Overview:

Effective teams don’t happen by accident. The way teams are formed can have a lasting impact on group dynamics, equity, and outcomes. This section outlines strategies for forming teams that maximize diversity, balance skills, and prevent common pitfalls like social clustering or tokenism.

Why It's Important:

Intentional team formation helps ensure that all students have a positive, productive experience and that teams benefit from a range of perspectives.

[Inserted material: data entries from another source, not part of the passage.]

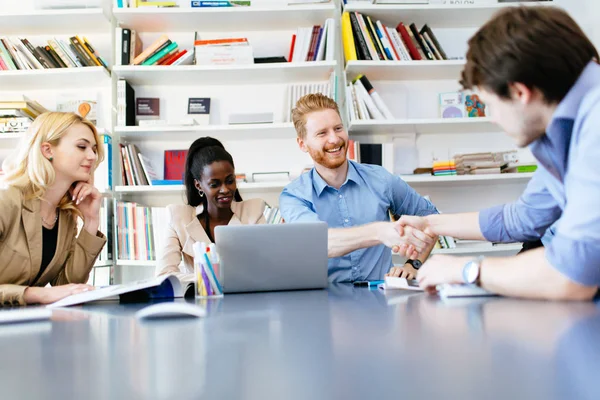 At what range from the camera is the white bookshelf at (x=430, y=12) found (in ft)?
10.8

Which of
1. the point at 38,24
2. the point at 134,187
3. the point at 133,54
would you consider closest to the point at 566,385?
the point at 134,187

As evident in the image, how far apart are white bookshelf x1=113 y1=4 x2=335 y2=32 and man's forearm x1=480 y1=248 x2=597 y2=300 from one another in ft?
8.09

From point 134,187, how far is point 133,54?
80 cm

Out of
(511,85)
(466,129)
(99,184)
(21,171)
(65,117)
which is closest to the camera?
(511,85)

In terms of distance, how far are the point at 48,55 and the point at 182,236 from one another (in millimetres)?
1585

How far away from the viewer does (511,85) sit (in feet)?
3.52

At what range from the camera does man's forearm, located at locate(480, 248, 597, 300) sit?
104 cm

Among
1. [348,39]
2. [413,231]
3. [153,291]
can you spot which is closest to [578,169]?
[413,231]

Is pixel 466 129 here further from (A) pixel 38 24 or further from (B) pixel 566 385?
(B) pixel 566 385

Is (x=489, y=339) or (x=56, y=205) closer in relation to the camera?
(x=489, y=339)

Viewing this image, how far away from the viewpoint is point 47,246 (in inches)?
79.7

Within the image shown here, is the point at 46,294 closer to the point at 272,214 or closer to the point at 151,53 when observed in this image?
the point at 272,214

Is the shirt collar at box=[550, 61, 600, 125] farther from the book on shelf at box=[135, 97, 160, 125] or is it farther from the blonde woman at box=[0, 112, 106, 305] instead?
the book on shelf at box=[135, 97, 160, 125]

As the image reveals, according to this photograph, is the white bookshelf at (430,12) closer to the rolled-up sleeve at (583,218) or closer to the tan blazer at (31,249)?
the tan blazer at (31,249) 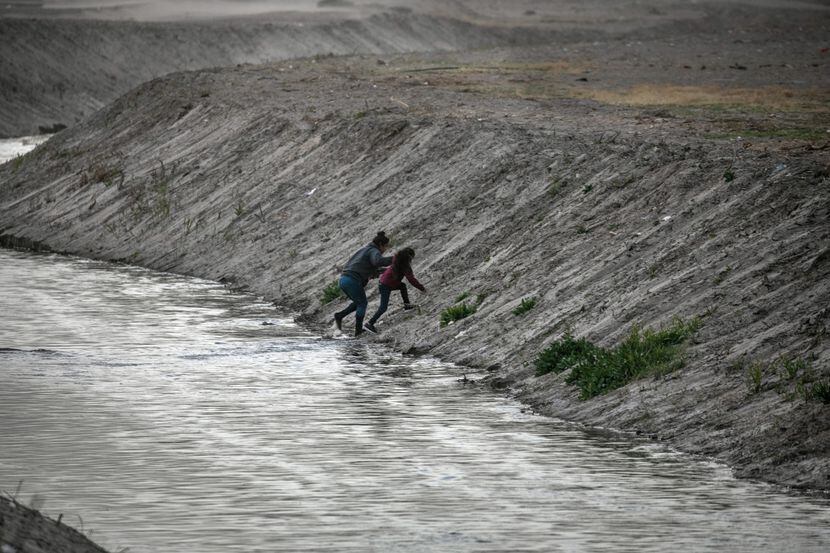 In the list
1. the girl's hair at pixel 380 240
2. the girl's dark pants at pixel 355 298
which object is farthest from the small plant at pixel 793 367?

Recommended Formation Strategies
Approach
When to Use
Notes
Instructor-assigned formation
When diversity of perspectives is key
Prevents social clustering and inequity
Student self-selected formation
When morale and speed are important
Risk: homogenous thinking and exclusion patterns
Randomly-selected formation
Before an assignment is published
Canvas has feature for creating and randomly assigning groups, as well as the option to reassign group members if needed

 

Additional Tips

  • Research suggests forming groups of 4-6 members to ensure diverse perspectives, but not too many members that makes coordinating meetings and tasks more challenging.
  • Balance skills, personality types, GPA, schedule constraints, student demographics. Consider distributing a Team Formation Survey to gather this information for assigning groups intentionally.
  • Rotate roles (project manager, quality control, recorder, etc.) across the term to avoid dominance patterns. Avoid gendered task distribution (e.g., women taking “note-taking roles”). Include reminders so that students remember to rotate the roles.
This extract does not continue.